▶ [INFORMATION SHOWN]
%%

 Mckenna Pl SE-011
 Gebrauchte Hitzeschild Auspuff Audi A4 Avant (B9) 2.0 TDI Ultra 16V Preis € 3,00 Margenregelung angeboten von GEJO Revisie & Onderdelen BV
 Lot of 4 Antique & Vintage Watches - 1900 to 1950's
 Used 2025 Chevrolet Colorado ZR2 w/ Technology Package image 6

%%
%%

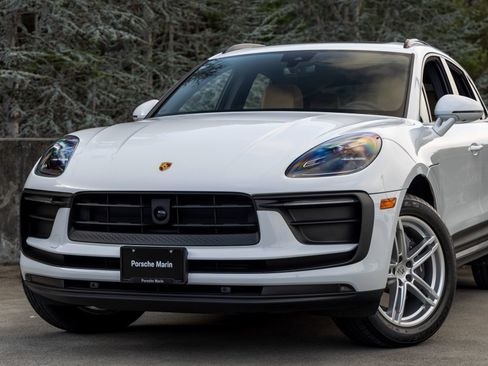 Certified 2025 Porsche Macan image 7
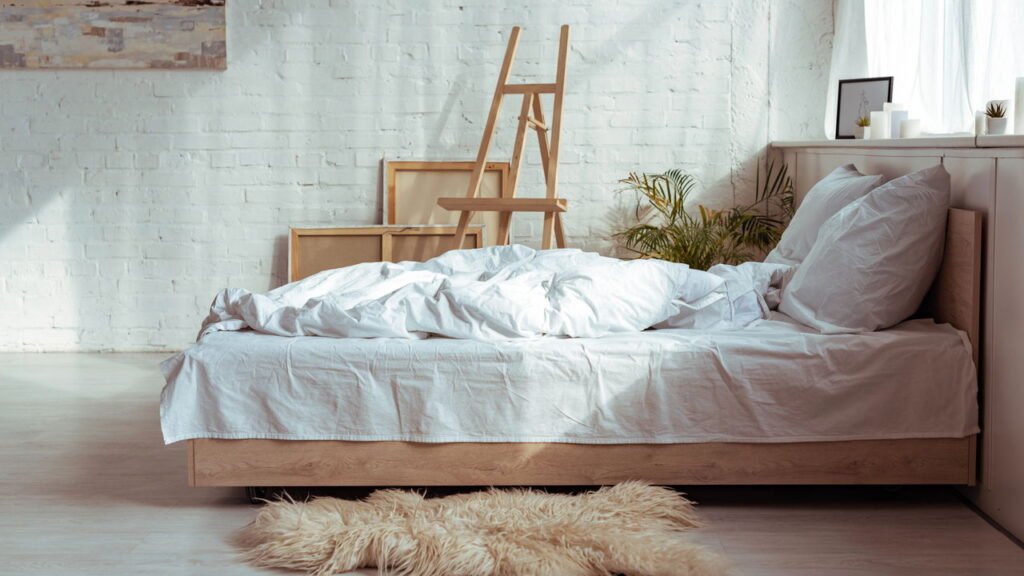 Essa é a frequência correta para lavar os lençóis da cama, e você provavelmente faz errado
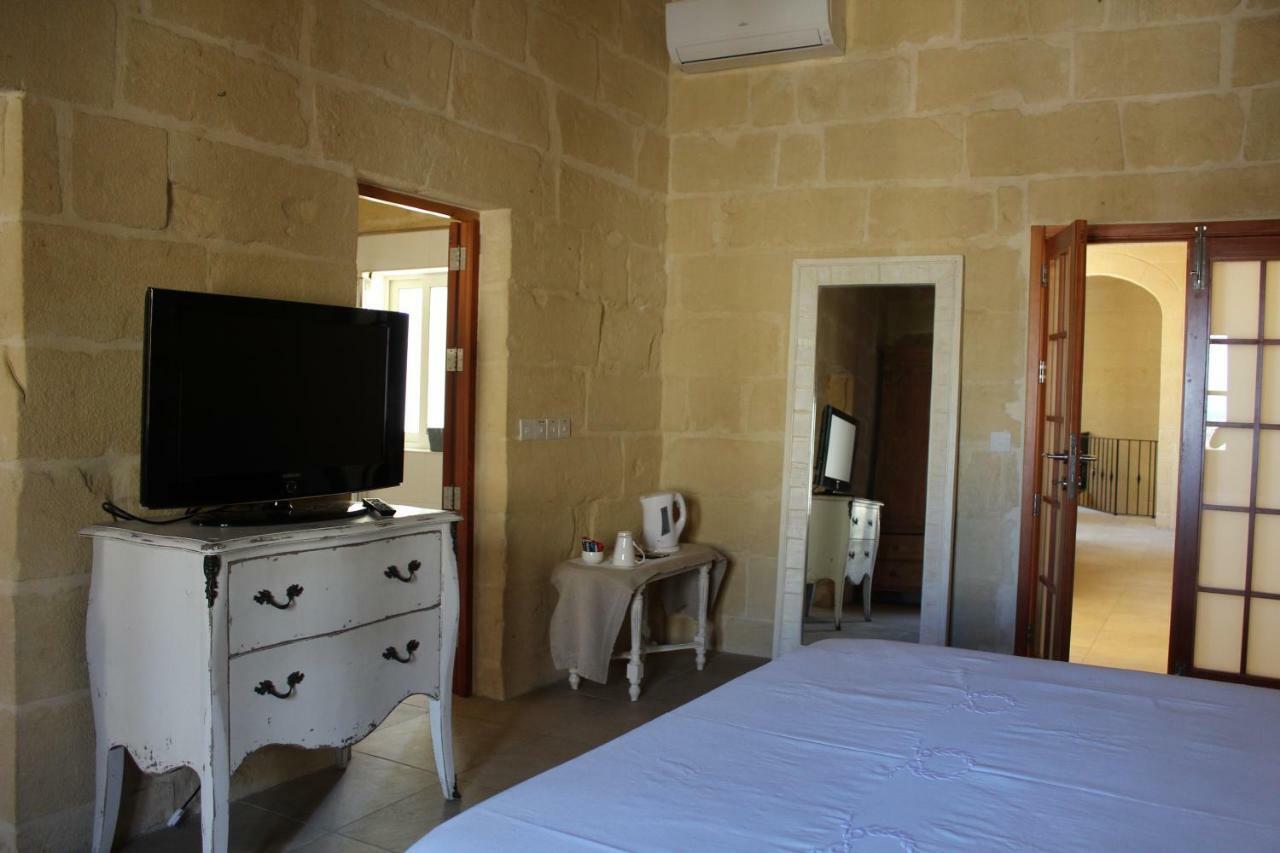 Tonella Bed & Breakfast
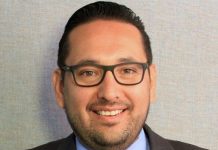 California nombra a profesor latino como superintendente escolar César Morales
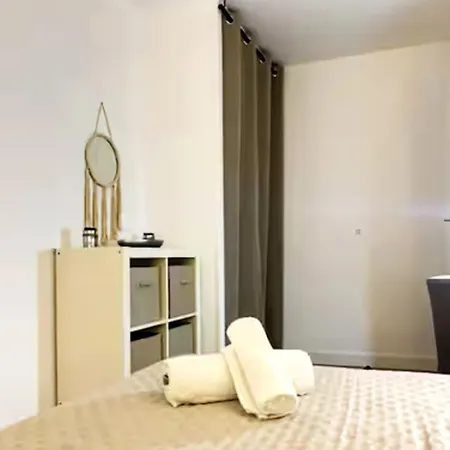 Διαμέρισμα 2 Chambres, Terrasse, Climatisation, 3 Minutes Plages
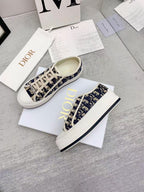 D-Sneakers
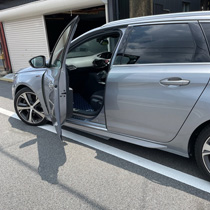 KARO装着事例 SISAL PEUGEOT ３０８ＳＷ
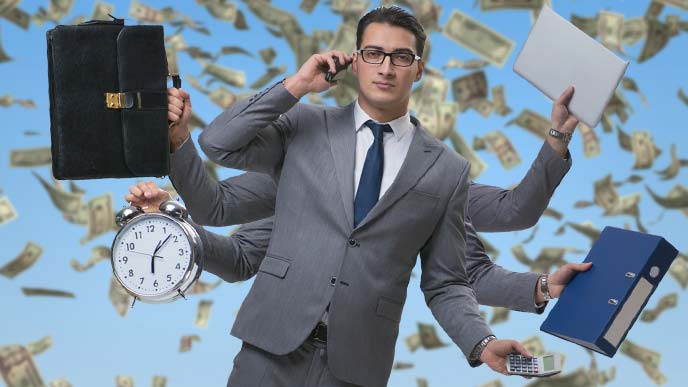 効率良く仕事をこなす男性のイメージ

%%

▶ [WORK ITEM]
From the records above, reproduce exactly the lines from the one with "Mckenna Pl SE-011" to the one with "Used 2025 Chevrolet", both included, and no others.

▶ [YOUR RESPONSE]
 Mckenna Pl SE-011
 Gebrauchte Hitzeschild Auspuff Audi A4 Avant (B9) 2.0 TDI Ultra 16V Preis € 3,00 Margenregelung angeboten von GEJO Revisie & Onderdelen BV
 Lot of 4 Antique & Vintage Watches - 1900 to 1950's
 Used 2025 Chevrolet Colorado ZR2 w/ Technology Package image 6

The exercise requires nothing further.